Skrupulatom na ratunek
Gorączkowe poszukiwania Bardzo Ważnego Tematu do lutowego felietonu przerwało mi znienacka spotkanie stworów, których inaczej zakwalifikować nie umiem, jak tylko przez odniesienie do kreatur znanych z poślednich raczej horrorów – zombi. Ogarnął mnie lęk, że mogą one grasować nie tylko po śląskiej prowincji, więc postanowiłem napisać felieton ku przestrodze. Jako że pewnie Szanowni Czytelnicy nie są obeznani z marną literaturą bądź kinem, to na wstępie dwa słowa wyjaśnienia – zombi to takie kreatury (zwykle ex-ludzie, ale niekoniecznie), które z jakichś powodów po śmierci ożywają, ale nie do stanu pełnego życia (nie mylić ze zmartwychwstaniem). Raczej ożywa samo tylko ciało, pełne krwiożerczych instynktów. Zombi są brzydkie, głupie i trudne do zabicia.

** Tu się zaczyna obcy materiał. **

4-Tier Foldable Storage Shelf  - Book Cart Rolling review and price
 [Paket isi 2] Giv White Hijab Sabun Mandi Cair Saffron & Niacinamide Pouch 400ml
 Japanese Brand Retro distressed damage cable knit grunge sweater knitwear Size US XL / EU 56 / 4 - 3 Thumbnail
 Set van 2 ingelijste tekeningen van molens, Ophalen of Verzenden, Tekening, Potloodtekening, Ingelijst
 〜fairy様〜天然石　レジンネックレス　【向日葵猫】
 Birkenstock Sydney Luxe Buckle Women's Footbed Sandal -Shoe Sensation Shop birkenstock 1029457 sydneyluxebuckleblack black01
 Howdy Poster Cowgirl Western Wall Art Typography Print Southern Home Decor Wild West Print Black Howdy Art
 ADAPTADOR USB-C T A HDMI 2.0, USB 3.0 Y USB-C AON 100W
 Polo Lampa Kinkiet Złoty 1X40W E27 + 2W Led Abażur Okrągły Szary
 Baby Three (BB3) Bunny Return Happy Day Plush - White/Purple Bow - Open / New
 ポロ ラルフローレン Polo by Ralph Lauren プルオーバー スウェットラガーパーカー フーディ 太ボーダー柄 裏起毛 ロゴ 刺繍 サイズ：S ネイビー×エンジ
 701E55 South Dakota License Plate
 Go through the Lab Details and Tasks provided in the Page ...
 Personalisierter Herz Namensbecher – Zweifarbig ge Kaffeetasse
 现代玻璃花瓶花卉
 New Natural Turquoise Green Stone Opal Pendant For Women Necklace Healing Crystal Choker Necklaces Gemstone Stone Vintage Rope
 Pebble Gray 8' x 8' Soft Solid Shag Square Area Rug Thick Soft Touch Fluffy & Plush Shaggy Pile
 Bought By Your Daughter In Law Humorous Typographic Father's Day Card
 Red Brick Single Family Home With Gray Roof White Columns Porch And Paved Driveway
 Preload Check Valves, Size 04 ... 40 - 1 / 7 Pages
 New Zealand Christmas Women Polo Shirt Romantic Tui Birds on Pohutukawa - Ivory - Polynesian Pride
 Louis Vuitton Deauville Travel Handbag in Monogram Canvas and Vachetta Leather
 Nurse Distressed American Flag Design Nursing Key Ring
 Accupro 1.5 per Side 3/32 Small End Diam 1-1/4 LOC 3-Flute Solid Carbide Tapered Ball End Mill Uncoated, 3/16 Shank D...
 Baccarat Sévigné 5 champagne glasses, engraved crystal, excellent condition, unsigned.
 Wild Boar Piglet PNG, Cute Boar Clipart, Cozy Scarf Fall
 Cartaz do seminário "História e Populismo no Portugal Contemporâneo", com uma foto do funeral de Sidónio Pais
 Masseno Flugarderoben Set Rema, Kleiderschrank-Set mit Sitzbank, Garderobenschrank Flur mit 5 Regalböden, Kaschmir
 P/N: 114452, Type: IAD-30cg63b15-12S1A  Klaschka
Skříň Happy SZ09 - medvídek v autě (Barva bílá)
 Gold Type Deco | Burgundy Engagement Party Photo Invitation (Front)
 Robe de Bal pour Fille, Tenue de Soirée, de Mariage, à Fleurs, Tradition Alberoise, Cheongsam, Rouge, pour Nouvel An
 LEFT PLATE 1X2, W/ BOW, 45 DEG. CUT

A teraz właściwa historia. Otóż pewnym moim znajomym urodziło się ciężko chore dziecko. W związku z poważnym stanem natychmiast zostało ochrzczone. Na szczęście przeżyło i ma się relatywnie dobrze. Pierwszy zombi pojawił się na zaświadczeniu o udzielonym chrzcie, w postaci określenia „chrzest z wody”. Drugi – wkrótce potem, w parafialnej kancelarii jako określenie „dopełnienie chrztu”.
Skąd skojarzenie z zombi, jeśli – zdaje się dość powszechnie – w kościelnym i okołokościelnym żargonie tak się mówi? Ano dlatego, że obie formuły powinny być martwe i pogrzebane. I spoczywać w pokoju. Pierwsza bowiem sugeruje, że w przypadku zastosowania skróconej formy celebracji sakramentu chrztu mamy do czynienia z czymś innym niż z „prawdziwym” chrztem (analogicznie, jak w przypadku chrztu krwi i chrztu pragnienia). Ale przecież właśnie do istoty sakramentu chrztu należy użycie wody (materia). Chrzest, który nie byłby z wody, nie byłby w ogóle chrztem sakramentalnym! W najlepszym zatem razie dodatek „z wody” jest zbędny. Jednak jest jeszcze gorzej. Obawiam się, że określenie „chrzest z wody” bywa rozumiane także jako „chrzest tylko z wody” – trochę podobnie jak w wypadku chrztu Janowego: bez Ducha Świętego, bez łaski. Absolutnie minimalistyczny ryt zabezpieczenia przed piekłem? No właśnie: zombi. A zombi są groźne głównie dlatego, że zwykle nie występują pojedynczo. Ganiają stadami. I sugestia o niepełnym charakterze chrztu z wody zostaje wzmocniona wstrętnym (na Śląsku powiedziałoby się „łoszkliwym”) stwierdzeniem o konieczności dokonania w parafii „dopełnienia chrztu”. Określenie to odnosi się w rzeczywistości do obrzędu przyniesienia dziecka ochrzczonego (w pełni, skutecznie) do kościoła, celem uroczystego wprowadzenia do wspólnoty parafialnej będącego zewnętrznym wyrazem włączenia do Kościoła, które przez chrzest już się dokonało. Fraza powstała zapewne jako skrót myślowy od „dopełniania celebracji chrztu”, które to wyrażenie jeszcze jako tako można obronić – liturgia jest niewątpliwie pełniejsza, kiedy jest sprawowana publicznie, w obecności wspólnoty, z namaszczeniem krzyżmem. Ale po skróceniu do „dopełnienia chrztu” dostajemy zupełnie jednak inne znaczenie, które sugeruje jasno: sakramentowi, który został udzielony w szpitalu, czegoś brakuje i to coś musi być koniecznie uzupełnione. A dalej już leci kaskada zombi-podobnych skojarzeń. No przecież – świecki porządnie nie ochrzci. I jeszcze tak poza kościołem… Niezłe stadko może się nazbierać.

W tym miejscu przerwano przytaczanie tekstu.